■ Exercise brief
For this exercise, reproduce only the lines from the one holding "this 1000×607 image." through the final line of the data below, exactly, and omit pictures.

■ Task material
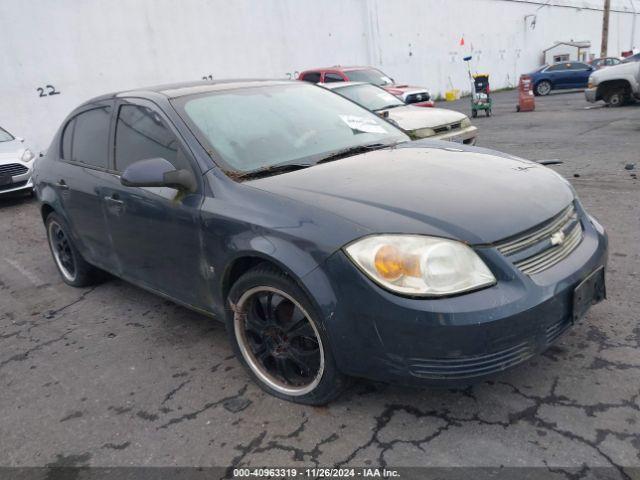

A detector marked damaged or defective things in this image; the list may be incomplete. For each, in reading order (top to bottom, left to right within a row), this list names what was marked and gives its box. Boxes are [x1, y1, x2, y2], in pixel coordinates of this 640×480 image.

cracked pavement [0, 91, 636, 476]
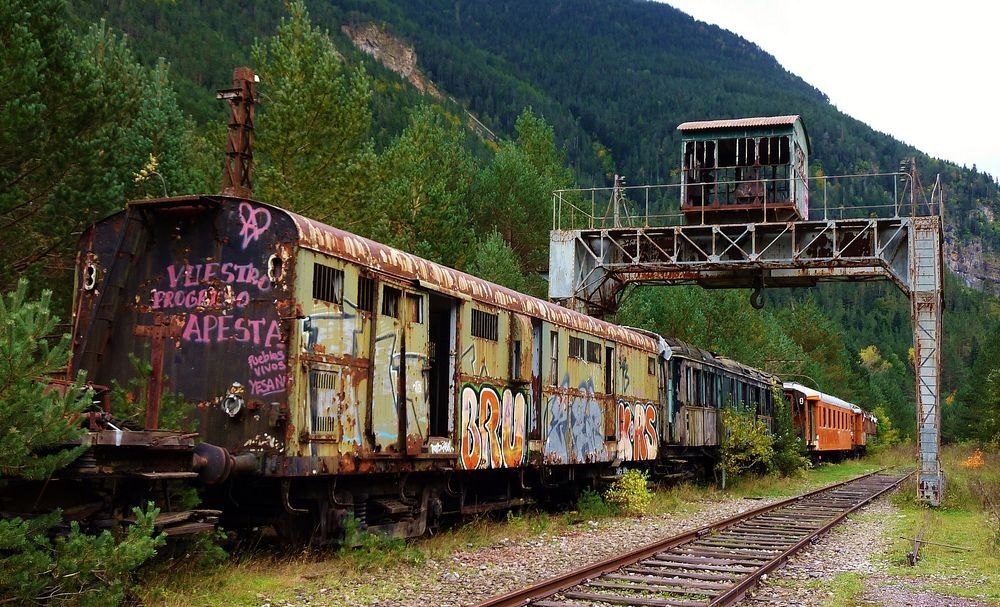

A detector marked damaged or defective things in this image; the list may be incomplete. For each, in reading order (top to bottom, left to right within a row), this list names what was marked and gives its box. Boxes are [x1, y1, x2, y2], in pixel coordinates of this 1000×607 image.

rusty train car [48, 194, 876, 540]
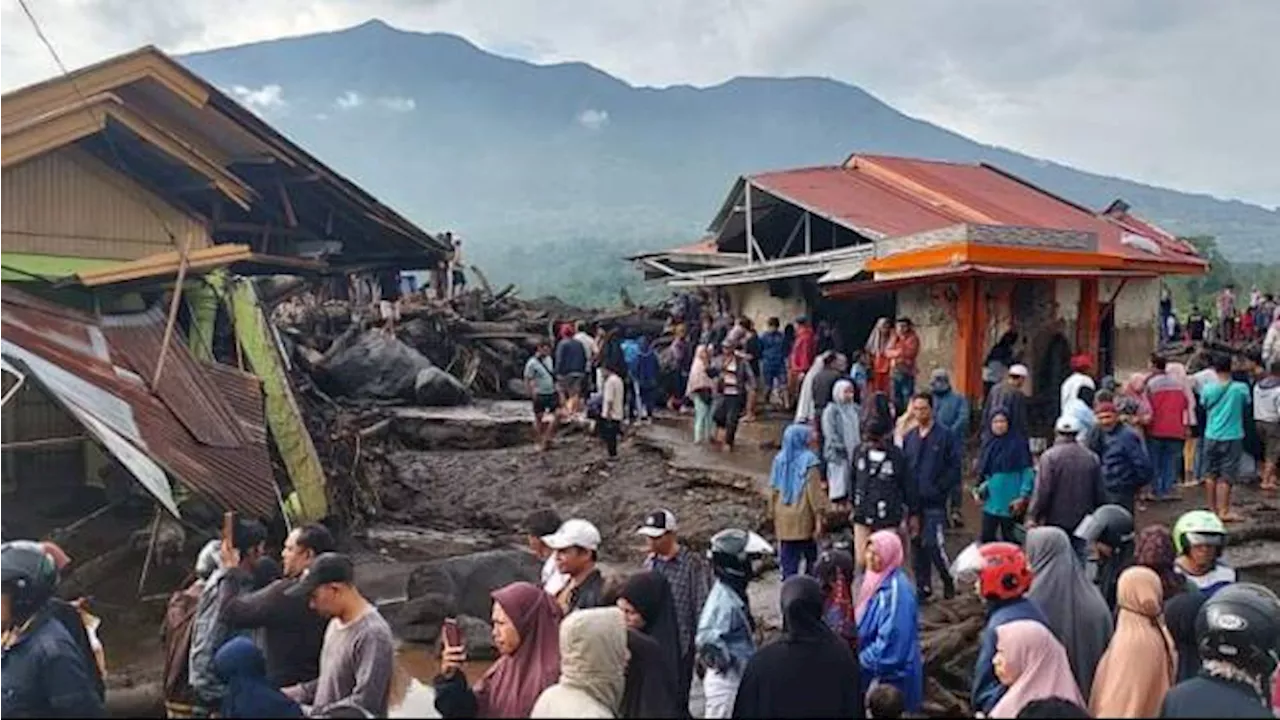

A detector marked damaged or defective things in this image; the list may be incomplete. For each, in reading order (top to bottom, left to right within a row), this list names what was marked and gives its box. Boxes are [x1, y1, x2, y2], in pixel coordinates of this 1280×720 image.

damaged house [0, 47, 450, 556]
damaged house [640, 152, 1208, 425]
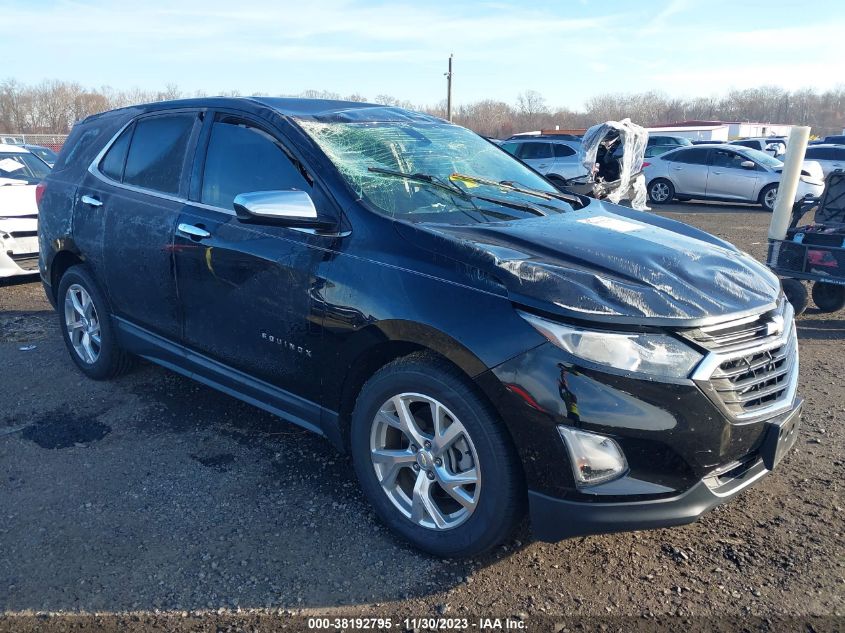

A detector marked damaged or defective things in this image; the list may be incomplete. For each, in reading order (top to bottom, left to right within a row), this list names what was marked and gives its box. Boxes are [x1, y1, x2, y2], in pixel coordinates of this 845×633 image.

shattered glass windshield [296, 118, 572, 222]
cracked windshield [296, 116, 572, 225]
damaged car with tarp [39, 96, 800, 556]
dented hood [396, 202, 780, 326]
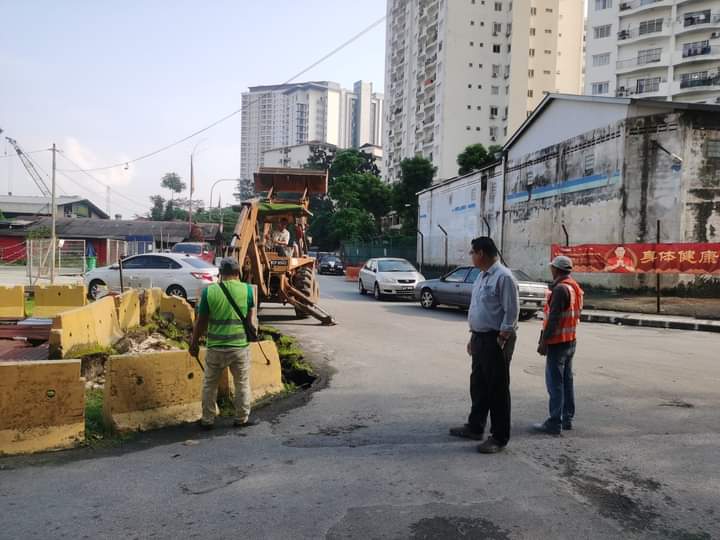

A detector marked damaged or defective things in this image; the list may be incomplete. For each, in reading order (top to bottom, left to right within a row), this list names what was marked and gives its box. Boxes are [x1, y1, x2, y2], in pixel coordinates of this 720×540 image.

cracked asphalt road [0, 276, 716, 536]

■ Solution for this task
A detector marked damaged or defective things in this image; the list may be incomplete. For each, in reading order (top to bottom, left to right within a row), this list names what was marked and gives its box. Boxes are [x1, y1, x2, y2], in pixel coordinates of this 1000×607 image.

rusty train car [48, 194, 876, 540]

A detector marked damaged or defective things in this image; the list may be incomplete. For each, in reading order (top to bottom, left to right within a row), this list names what was marked and gives its box. Boxes are [x1, y1, x2, y2], in pixel coordinates of this 1280×720 image.

damaged house [0, 47, 450, 556]
damaged house [640, 152, 1208, 425]

A detector marked damaged or defective things in this image; the list may be incomplete. For each, in reading order (top to bottom, left to right within a row), this list names what was marked and gives its box. Boxes are [x1, y1, x2, y2], in pixel coordinates of this 845×633 image.

shattered glass windshield [296, 118, 572, 222]
cracked windshield [296, 116, 572, 225]
damaged car with tarp [39, 96, 800, 556]
dented hood [396, 202, 780, 326]

A detector marked damaged or defective things in this image; the list may be incomplete. For each, in reading order (top to bottom, left to right within a row), this list names what was marked and gives its box. Boxes are [x1, y1, x2, y2], in pixel coordinates of this 720×540 image.

cracked asphalt road [0, 276, 716, 536]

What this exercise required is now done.